Brief:
Go to the line with "Lego Star Wars" in the material below and copy from there through the line with "Хетчбек Mercedes-Benz B-Class 2015 в Володимирі фото", exactly. Pictures are not copied.

Listed entries:
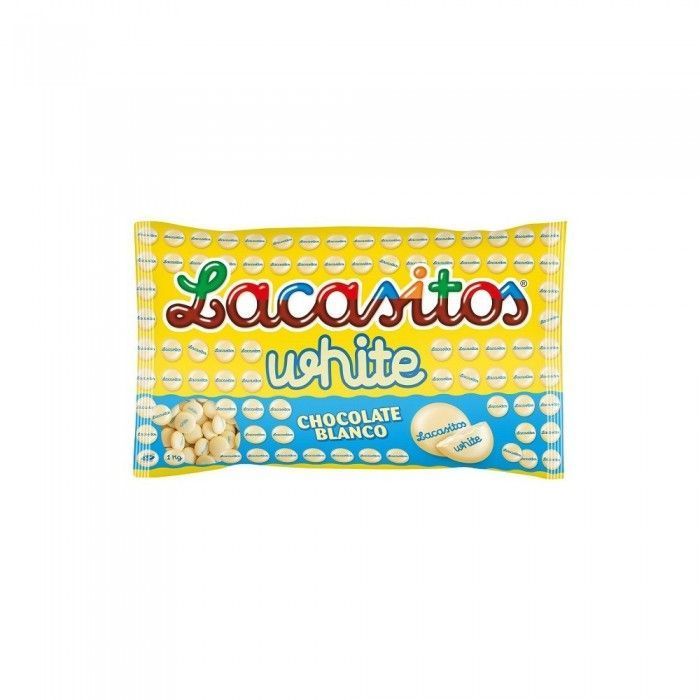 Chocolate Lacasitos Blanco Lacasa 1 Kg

---

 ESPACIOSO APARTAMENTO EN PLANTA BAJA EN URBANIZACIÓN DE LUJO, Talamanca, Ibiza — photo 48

==

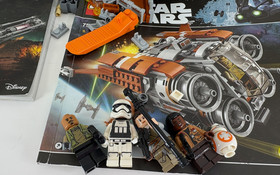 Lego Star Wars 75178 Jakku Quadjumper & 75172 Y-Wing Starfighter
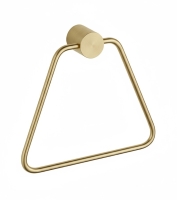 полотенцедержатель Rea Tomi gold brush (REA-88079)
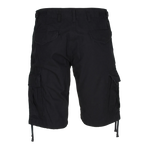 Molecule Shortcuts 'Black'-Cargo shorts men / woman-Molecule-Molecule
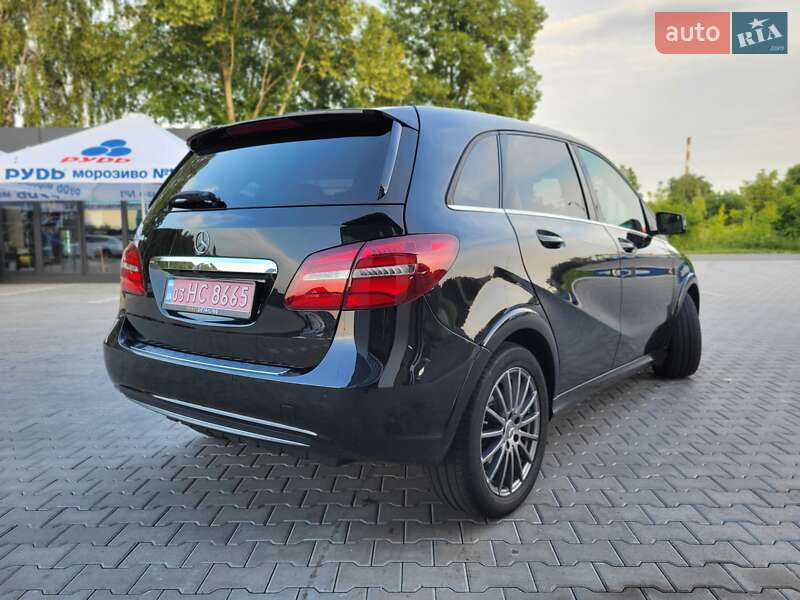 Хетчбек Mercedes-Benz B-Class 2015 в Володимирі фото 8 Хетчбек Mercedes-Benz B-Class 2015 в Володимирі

Your solution:
 Lego Star Wars 75178 Jakku Quadjumper & 75172 Y-Wing Starfighter
 полотенцедержатель Rea Tomi gold brush (REA-88079)
 Molecule Shortcuts 'Black'-Cargo shorts men / woman-Molecule-Molecule
 Хетчбек Mercedes-Benz B-Class 2015 в Володимирі фото 8 Хетчбек Mercedes-Benz B-Class 2015 в Володимирі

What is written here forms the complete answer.